Roger Bacon was born c. 1214; he became a Franciscan monk and studied at Oxford and Paris, where he also taught. Like Albertus, his knowledge was exceptional both in its range and its depth. He even attempted to write an encyclopedia which would contain all human knowledge, but he was forced to admit defeat. This was a rare occasion, for Bacon was a man of imperious self-confidence, and was constantly disparaging intellectual failings in others. His was not a monastic temperament: poverty and chastity he could manage intermittently, but obedience was quite beyond him. 


“Such was Bacon’s brilliance that he attracted the attention of Pope Clement IV, who became his patron. When Clement died, Bacon’s enemies took their revenge. Eventually the head of the Franciscan order had him imprisoned in Paris for fifteen years, and ordered all his works to be destroyed. Fortunately some were secreted away by like-minded monks, though his Opus Majus was not to be published until almost 450 years after his death in 1733. 

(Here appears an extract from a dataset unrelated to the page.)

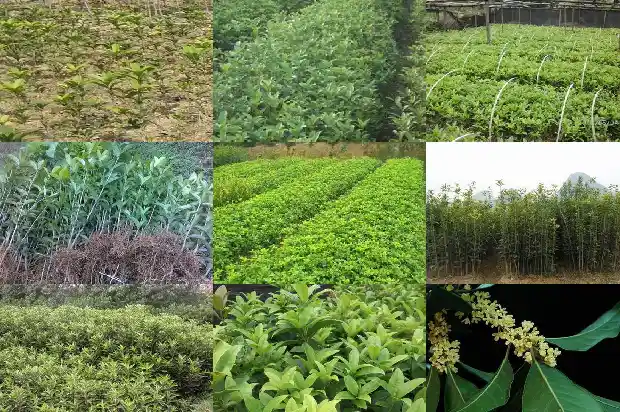 松柏树和桂花树哪个寓意好些1686789420901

“Bacon’s ideas bear a remarkable resemblance to many of those which Leonardo da Vinci sketched in his notebooks — though they pre-date Leonardo by two hundred years, and in many instances go beyond him. Bacon predicted steamships, automobiles, submarines and even flying machines. He suggested that one day people would circumnavigate the globe. One of his letters even contains the first European reference to gunpowder. (As a result, it was thought for many years that he had invented it. Later historians maintained that gunpowder came from China. Recent scholarship suggests that it may well have been invented independently in Europe, in which case Bacon was as likely to have achieved this feat as any.) Such were the exceptional imaginings of an original mind. More mundane, but more significant, was his emphasis on experiment as the only true way forward in science. (Bacon’s personality ensured that he was able to spend much time undisturbed in his Oxford laboratory.) He also stressed the application of mathematics as the path to exact truth in scientific experiment. Both these ideas took hold only with Galileo almost four centuries later.”

author: Paul Strathern 
title: Mendeleyev’s Dream: The Quest for the Elements 
publisher: Pegasus Books

2 thoughts on “Sounds Like a Silverback to Me

  1. Perhaps Roger and Leonardo could suggest possible solutions to the many Oliver Hardy characterized “fine messes we have gotten ourselves into”…
    Alas as has been noted “there is nothing so uncommon as common sense”…
    Gratefully back from wonderful Italy,to our fortunate Post Island nirvana…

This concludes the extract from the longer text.